Sadly, this week's "freak of the week" plot was pretty forgettable — when Wednesday Addams randomly died of a stroke towards the end of the episode, I just sort of shrugged. Hey, it was her time.


And the practice of having a "freak of the week" that is thematically linked to something the regular characters are going through is pretty played out. You know it's getting to be an overused device when the characters themselves comment on it — as they do in this episode. Olivia actually turns to the camera and says, "Hey, it's sort of funny that I just received a prediction of my own death, and now we're investigating a case in which someone else predicts people's deaths. What a coincidence, hey?"

This comes on the heels of a number of other episodes in the past couple seasons where the Fringe Division just happened to investigate a case that had thematic significance to whatever personal issue or over-arching plot they were grappling with at the time. I know this is a common scriptwriting tactic on television in general, but it's reached the limits of its usefulness on Fringe. Like I said, when the characters themselves start commenting on how implausible something is, it's time to let it go.

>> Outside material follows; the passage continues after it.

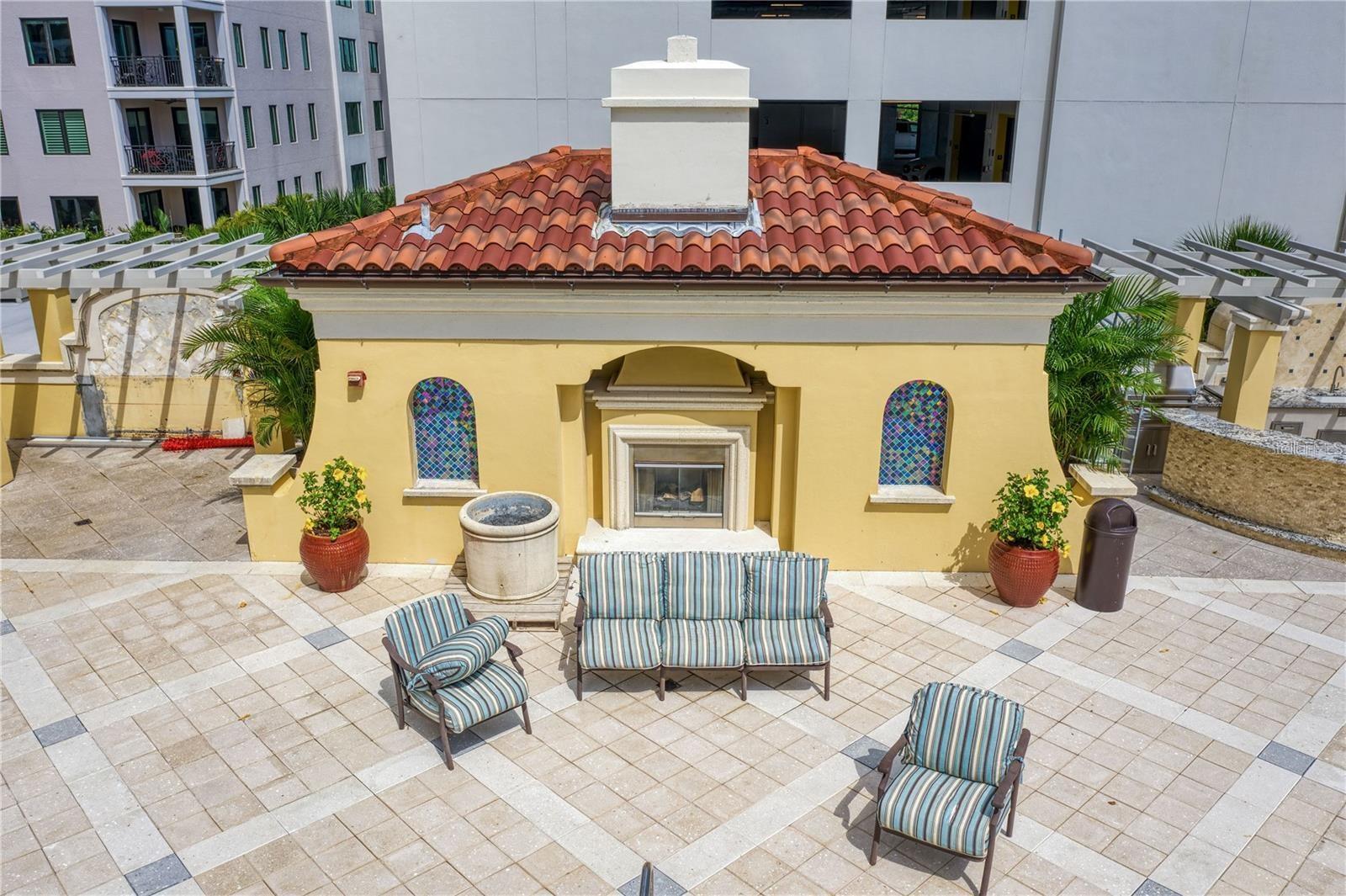 Listing photo id 17 for 300 Beach Drive Ne 1604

The "Wednesday Addams draws the future" storyline, of course, is a twofer — not only does it relate back to Olivia's predicted death, but also to the ongoing Massive Dynamic commitment to good, solid, child-tested science. Because sometimes you can't make an omelette without breaking a few kids. At least that part of the storyline is worthwhile, because of the vital ethical issues it brings up — and on the plus side, the episode did leave us dying to know what happens next in the utterly twisted Nina-Olivia relationship.

Plus after watching that last scene, we're not going to be eating soup for a few days.




It seems plausible to me that Nina has been giving drugs to Olivia in order to block the effects of the childhood experimentation. Specifically, the experimentation on Olivia may have led to her killing her abusive step-father.

I have three questions. 1) Why would September tell Olivia that her death is inevitable? 2) Why would September have been shot and then choose to tell her that at that time? 3) What is the mad shape-shifter scientist's motivation for doing anything at all? That leads me to a fourth question: Is it possible for someone to actively work against or wage a war against the Observers?